The DCE operation erases a dead code. It is a simple work and there exists the validation function available, created when validating other passes. Therefore, It is simply added without further modification.

The DSE erases a dead store instruction, *i.e.*, when two instructions store into the same memory location but there was no intervening LoadInst, the first store instruction becomes the dead store instruction and is removed. This optimization is also not relevant to CSE, would require extending the proof checker to validate. However, this optimization only occurs 0.1% of the employed benchmarks. Therefore, DSE is not validated in this paper but marked as not supported validation for the future work.

#### 2.3 Block Traversal

Early CSE performs optimization by traversing all blocks in each function. This section discusses how Early CSE traverses blocks in a function.

**Dominator** In control flow graphs, if every path from the entry node to node **n** must pass through node **d**, then we say node **d** dominates **n**. Also, if **d** dominates **n** but **d** and **n** are the not same node, then **d** is a strict dominator of **n**. There can be more than one strict dominator of node **n**, however if one strict dominator does not strictly dominates other strict dominator of **n**, then it is called the immediate dominator of **n**.

To erase a duplicate instruction it should be satisfied that this instruction is dominated by the existing instruction. Thus, the dominance is the key for Early CSE.

Early CSE traverses blocks using data structure DomTreeNode from LLVM which is a dominator tree of blocks in the function. Early CSE visits blocks using depth first walk over the dominator tree, which is similar to, but slightly different from a depth first search.

To perform the depth first walk over the dominator tree, Early CSE uses the nodeToProcess stack, which includes AvailableValues, AvailableLoads, AvailableCalls hash tables, currentgeneration and dominator tree data.

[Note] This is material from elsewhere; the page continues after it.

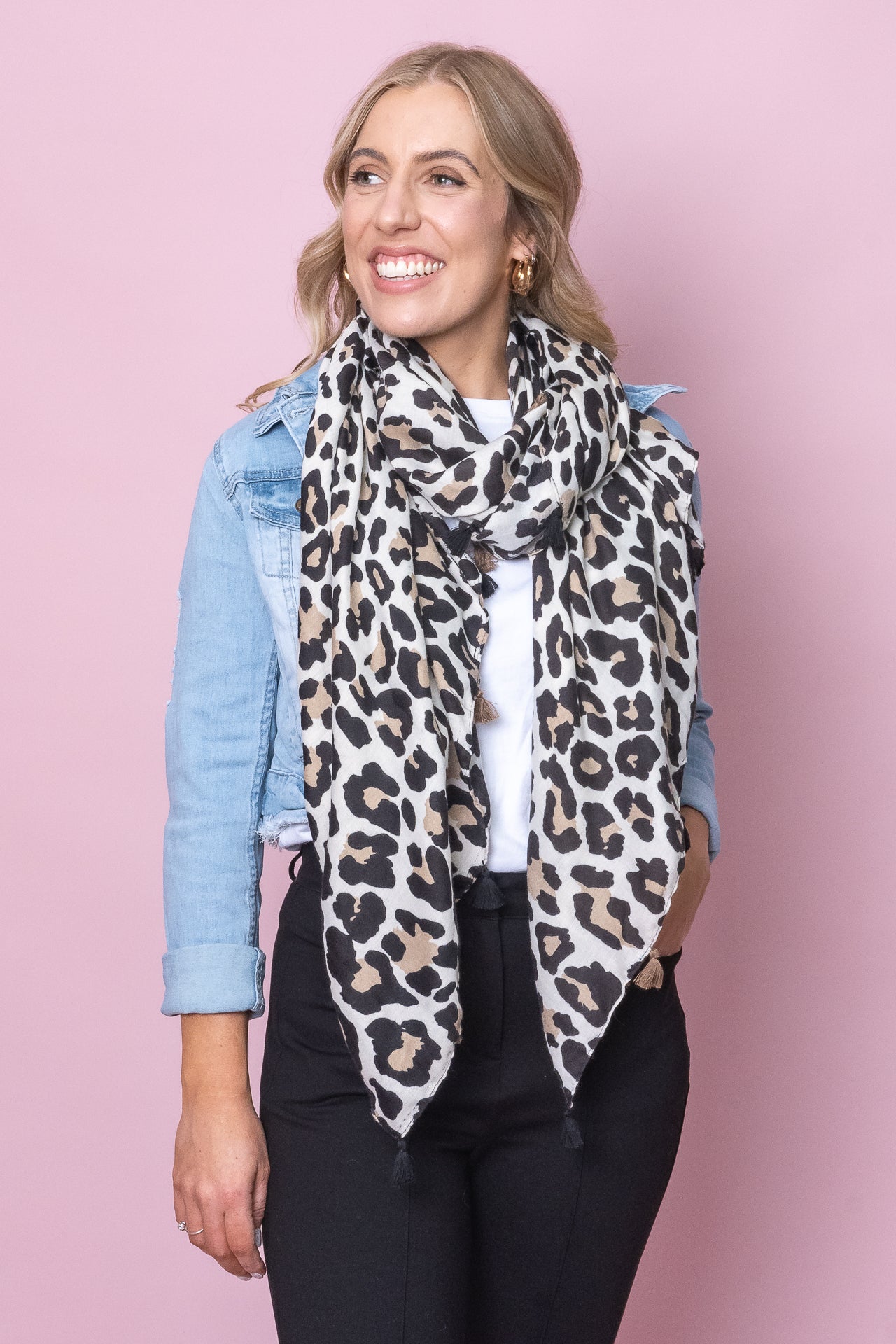 Lena Scarf in Leopard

Figure 2.1: Block Traversal Example

Consider the example in Figure 2.1. Initially, the optimizer pushes empty hash tables and other data into the stack. Then it performs optimization at block B1, fills the hash tables and updates the currentgeneration value. After finishing block B1, it checks which block is dominated by B1. In this example, block B2, B3, B4 and B5 are all dominated by B1. However, LLVM DomTreeNode only considers the immediate dominance. Therefore, DomTreeNode considers only blocks B2, B4 and B3. Since block B2 is the first block dominated by B1, it pushes block B2 data and updated hash tables into the stack and optimizes B2. After optimization at block B2, it then checks if B2 is dominating any blocks. Since B2 does not dominate anything, it pops the top of the stack that was about B2. Next, it checks the next dominated block of B1 because B1 is still in the stack. Block B4 becomes the next target and is pushed into the stack. After completing block B4, it checks if B4 has any dominate block and it pushes B5 data and hash tables to the stack. When optimization of B5 is done, it pops B5 since there is no successor. It also pops block B4 since all the dominate successors are gone. The stack still has B1, with the final dominated block being B3. It pushes B3 and performs optimization. When optimization of B3 is done, it pops B3, and finally pops B1 then finishes optimization of Early CSE.

### Chapter 3

## Proof Generation and Validation for Early CSE

This chapter discusses how CRELLVM validates Early CSE. Proof generation code associated with Early CSE optimizer generates a proof which consists of a set of assertions and a list of inference rules. Then, proof checker validates the proof's correctness by Extensible Relational Hoare Logic(ERHL) [10].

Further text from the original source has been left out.